Last year, insurance companies cancelled 14,225 homeowners policies across San Diego, in part due to rising wildfire risk, according to new data from the state’s Department of Insurance.
The data gives perhaps the clearest picture yet of how insurance companies are reacting to rising wildfire risk. Statewide, insurers cancelled – the industry term is “non-renewed” – policies for nearly 170,000 homeowners.
While that is quite a lot of homes, there are over eight million homes in the state and homeowners themselves were far more likely to change insurers than insurers were to dump homeowners. About 730,000 homeowners switched insurance companies or decided not to renew their own policy in 2018, according to the department.

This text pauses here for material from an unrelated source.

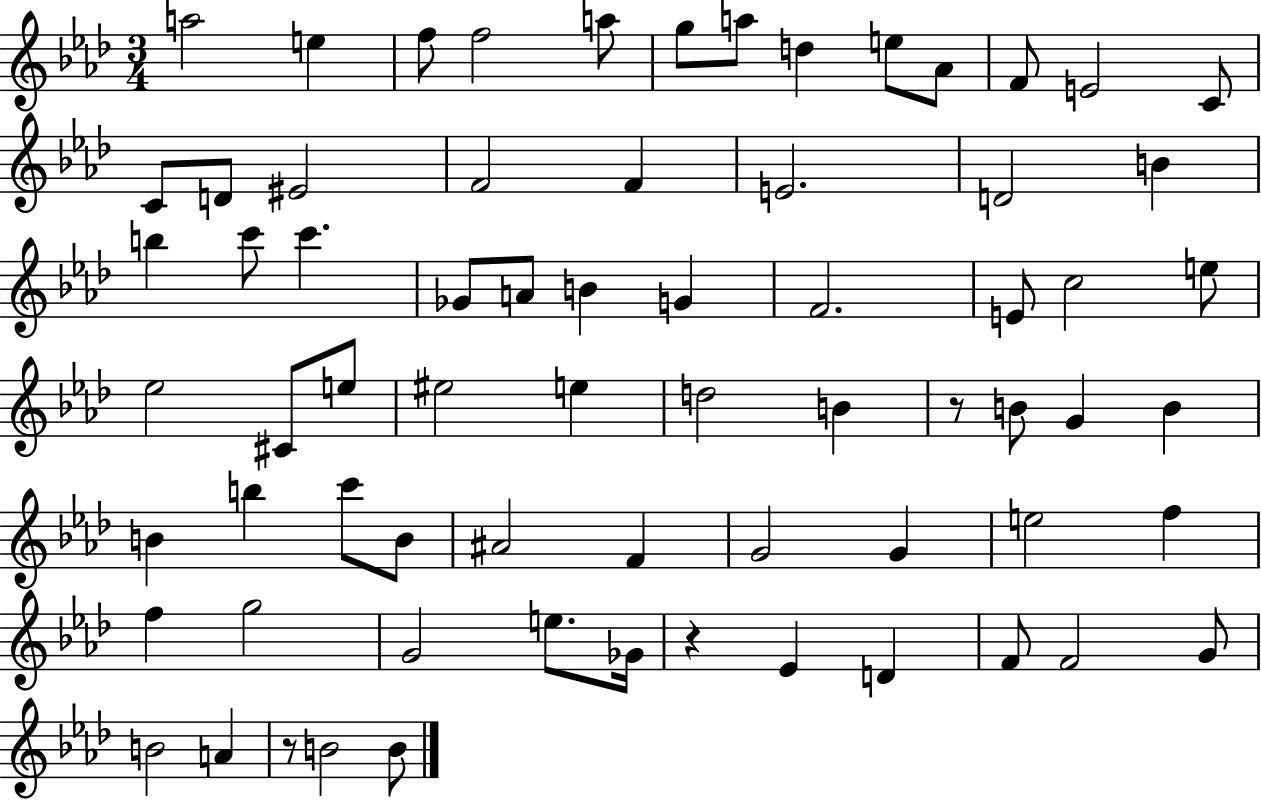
A5/h E5/q F5/e F5/h A5/e G5/e A5/e D5/q E5/e Ab4/e F4/e E4/h C4/e C4/e D4/e EIS4/h F4/h F4/q E4/h. D4/h B4/q B5/q C6/e C6/q. Gb4/e A4/e B4/q G4/q F4/h. E4/e C5/h E5/e Eb5/h C#4/e E5/e EIS5/h E5/q D5/h B4/q R/e B4/e G4/q B4/q B4/q B5/q C6/e B4/e A#4/h F4/q G4/h G4/q E5/h F5/q F5/q G5/h G4/h E5/e. Gb4/s R/q Eb4/q D4/q F4/e F4/h G4/e B4/h A4/q R/e B4/h B4/e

Over the past four years, there’s been an upward tick in non-renewals but nothing major. In 2015, for instance, insurers decided not to renew 13,670 policies in San Diego.
However, the data does not capture the reaction by insurers following last November’s Camp Fire, the deadliest and most destructive wildfire in the state’s history.
In a statement, California Insurance Commissioner Ricardo Lara said the data should be a wake-up call because trouble finding insurance can “create a domino effect for the local economy, affecting home sales and property taxes.”
Home insurance policies generally last a year and are required for anyone with a mortgage.